When it comes to when you want to buy a home there are several things to consider. If you are contemplating buying a home, you should know and review the advantages and disadvantages of this big step you are about to embark on. As a long term investment, it’s great to buy a home. It’s a great financial decision.
On an average, homeowners see roughly a 7% growth annually. In my opinion, buying a home is not a very good short-term investment because you’re going to pay anywhere from 2% to 5% of the purchase price, be sure to understand your closing costs. Consider a home investment as a long term asset that gains equity over a period of time.
The main reason why I believe home ownership is a good long term investment is that the longer you keep the asset (house) in good standing, you’re building equity. As you also pay off the mortgage on the property, your building equity as well. With less of your payment going solely on the interest of the loan but toward the actual price of the loan.

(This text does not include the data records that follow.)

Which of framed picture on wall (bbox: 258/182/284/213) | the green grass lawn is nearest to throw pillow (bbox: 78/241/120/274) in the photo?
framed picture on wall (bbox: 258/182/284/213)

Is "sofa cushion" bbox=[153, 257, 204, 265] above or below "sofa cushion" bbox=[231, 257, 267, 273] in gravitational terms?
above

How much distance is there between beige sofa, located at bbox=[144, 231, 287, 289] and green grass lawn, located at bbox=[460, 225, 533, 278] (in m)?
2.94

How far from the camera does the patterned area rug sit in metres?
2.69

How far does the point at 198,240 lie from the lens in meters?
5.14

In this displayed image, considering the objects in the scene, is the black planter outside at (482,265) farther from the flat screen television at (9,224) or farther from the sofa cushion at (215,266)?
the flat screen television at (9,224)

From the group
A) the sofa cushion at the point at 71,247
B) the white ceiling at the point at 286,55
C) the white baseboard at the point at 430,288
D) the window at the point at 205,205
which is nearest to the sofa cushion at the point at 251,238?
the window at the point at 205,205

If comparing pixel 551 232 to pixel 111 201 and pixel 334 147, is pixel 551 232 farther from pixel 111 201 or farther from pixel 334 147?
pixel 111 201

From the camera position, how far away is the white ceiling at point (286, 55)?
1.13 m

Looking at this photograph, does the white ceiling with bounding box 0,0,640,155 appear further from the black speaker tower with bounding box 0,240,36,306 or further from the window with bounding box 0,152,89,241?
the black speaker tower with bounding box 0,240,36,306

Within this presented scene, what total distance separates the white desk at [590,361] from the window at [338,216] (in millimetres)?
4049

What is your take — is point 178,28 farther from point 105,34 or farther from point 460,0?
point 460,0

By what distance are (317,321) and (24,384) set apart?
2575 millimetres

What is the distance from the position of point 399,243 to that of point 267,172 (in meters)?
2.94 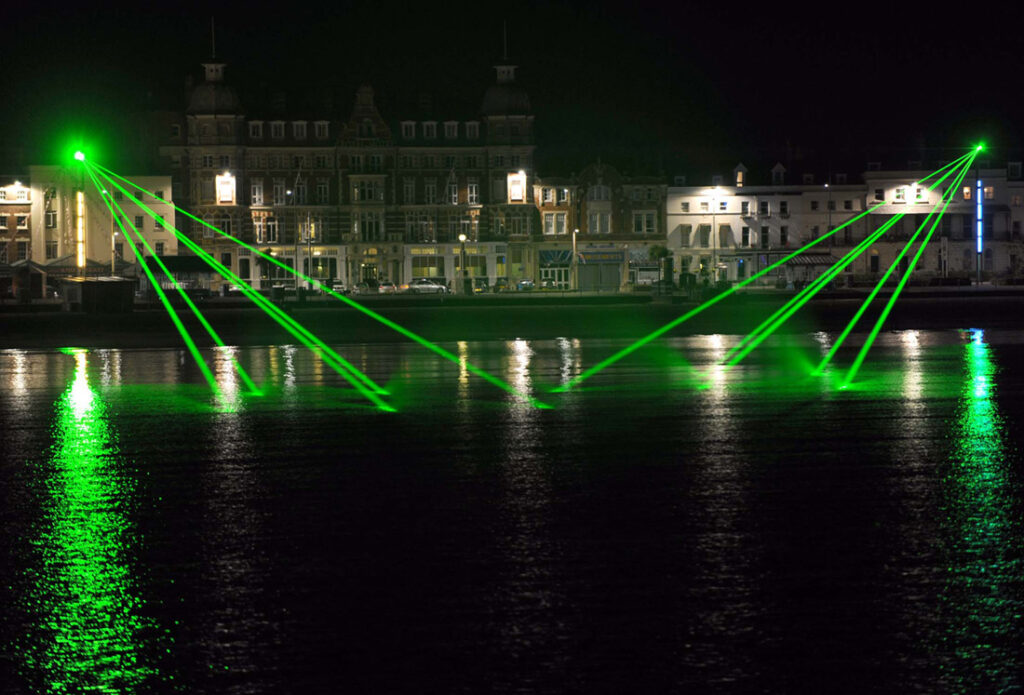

Some experts suggest habituating the home for at least 5 years to see an ROI. But if you’re going into real estate ownership to build wealth using this formula, there are a few things to consider while making this decision.
- Your Home is not an Asset
Assets are things which generate cash flow for you, while liabilities generate expenses, or negative cash flow. I’m sure you’ve heard that houses are assets because property values gradually appreciate over a period of time. In reality though, the only time your home will become an asset is when you decide to put the property up for sale.
Yes, you’re building equity by living in the home and paying the mortgage on the property. But, every month it’s something that takes money from you, not put money in it. Only when you can sell the property does it become an asset.
While owning the house, you have to pay for all the repairs needed to keep the home in good standing. So naturally, the longer you own the property, the more you’re going to spend on it for repairs. Not to mention the mortgage, HOA fees, renovations, general lawn care, utilities, home owner’s insurance and of course taxes. These are just some of the responsibilities associated with home ownership.
Here’s an interesting, realistic ideal situation regarding home ownership. Say you purchased a house 15 years ago for $200,000. You may be able to sell it today for $400,000. You’ve financed the whole amount with a 6% APR loan for 30 years. You will have spent $157,936 on interest and $57,902 on the principal of your loan for a total of $215,838. Plus, you still owe $142,098 to pay off the bank. Now look at the total when you add all of your other monthly expenses into the equation.
Even if you were able to sell the property for the purchase price. You would still be in the hole considering inflation and time value of your investment. The money you invested then doesn’t have the same purchasing power as it does fifteen years later. Your home is an asset, but your mortgage is the liability. Because a mortgage is debt, you’ll need to pay it off before your home is really considered an asset. Because you’re not paying for it monthly. The only expenses are the costs of operating the home and taxes.
Selling your home has advantages as well. Once being, a profit from your investment. Unfortunately, there’s a tax involved with selling you home. It’s called capital gains tax. Capital gains tax is a fee that you pay to the government when you are selling your home, or anything else of value, for more than you invested in it.
There are two types of capital gains tax associated with real estate; they’re called “Short-term gain and Long-term gains”. Short term gains are when you pay taxes on property owned for less than a year. These are generally higher because they are taxed at the same rate as ordinary income. Long term gains are when you hold the property longer than a year before deciding to sell a home. You’ll get a benefit of a reduced tax rate that usually doesn’t exceed 20%.
Buying a home is a great decision if you’re thinking long term. The longer you live in it, the more benefits you’ll be rewarded. For one, every time you pay your mortgage note, you’re building equity, which creates a higher value. Two, you’ll experience better tax benefits in the longer term whenever you decide to sell a home. In conclusion, think long term buying a home.